Rebecca McClanahan’s In the Key of New York City: A Memoir in Essays from Red Hen Press, offers a timeless portrait of New York’s contradictions, which is to say, it provides a salve to the upheaval of now and acts as a reminder of the city’s constancy throughout tribulations. The book hinges on what seems a familiar premise: a writer fulfills a dream when she moves to Manhattan in the late 1990s. But this story is different: the writer and her husband arrive in the city not as starry-eyed young adults, but as a middle-aged couple. They plan to stay for just two years, but they remain for eleven, only moving away when family needs require the change.

One might think McClanahan’s experience of New York is idyllic, or perhaps a deep love affair, given how long she stays.

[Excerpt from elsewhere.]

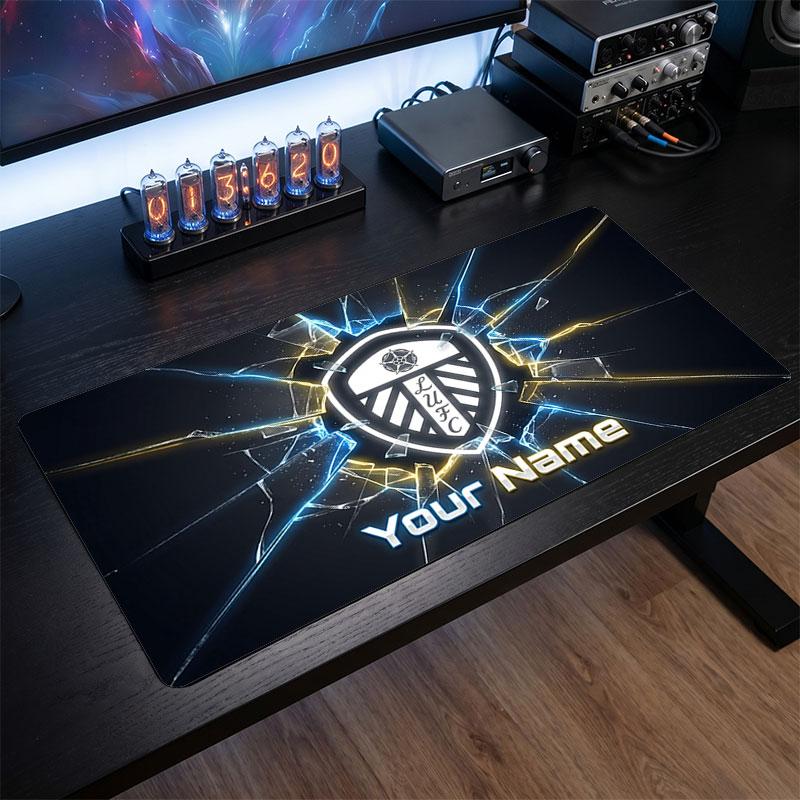Leeds United Individuelles Großes Mauspads, Personalisierter Name Textdruck, Fußball Logo Rutschfeste Schreibtischmatte Gaming Geschenk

But it’s quite the opposite. McClanahan, “a long-married woman who spends her mornings with the Oxford English Dictionary, looking up words like squirrel,” chronicles the specific loneliness of living among millions on a tiny island. It’s not loneliness she enjoys: neighbors keep to themselves even as their most private sounds permeate the walls of McClanahan’s sublet; she and her husband struggle to find employment and friendship; and as a writer, her work keeps her mostly at home.

Perhaps because the glamor of youth has slipped from McClanahan, her narrator is reliable, reflective, and curious. As a result, this is a book without guile, conspicuous consumption, or name dropping. In the Key of New York City sings a song of loneliness that is also the song of middle age, a time when many of us realize that embracing seclusion, rather than fighting its pain, frees us to live more fully. McClanahan doesn’t come to this easily, however: “so be it—is [a phrase] I’ve never actually spoken aloud, but I’m trying to practice thinking it, in hopes of entering a state of acceptance about the daily and nightly occurrences that are out of my control. Which is to say, nearly everything.”

It takes years of struggle to combat her discomfort. In an effort to ease that grief, McClanahan notices the lives of those around her—she strikes up conversions with homeless people who live in the parks; she meditates on the lives of hospital workers and the working class. She revels in her next-door neighbor’s daily opera practice. Notices the sheen of pigeon feathers. Saves a squirrel in the days leading up to 9/11. McClanahan is quite aware of what she’s doing: “Even as my reasonable mind is having its say . . . my other self is leaving on its own journey.” Tenderness isn’t a word one usually associates with New York, but it’s because of this that McClanahan’s empathy resonates, even as the speaker is better with tenderness for others than tenderness for herself. In some ways, McClanahan’s speaker is like the city itself – engaged in a push-and-pull between a tough exterior and a soft inner core.

New York’s literary bones would appreciate this book’s structure, which mirrors McClanahan’s existence: larger, contemplative essays intersperse with brief, interstitial studies of people, moments, and objects, just as her long stretches alone are punctuated by walks in the park or rides on the subway. The first half of the book pulls the reader into a portrait of the city, but then come two deeply personal and painful essays—one about marriage, one about cancer—that wracked me more deeply than the two pieces about 9/11 and its wake. I wasn’t there when the towers fell; like most of the country, I watched from afar, stupefied and confused. I have, however, been deep into marriage trouble and a shattering health diagnosis and the honesty of those two essays brought me to tears this morning as I re-read them.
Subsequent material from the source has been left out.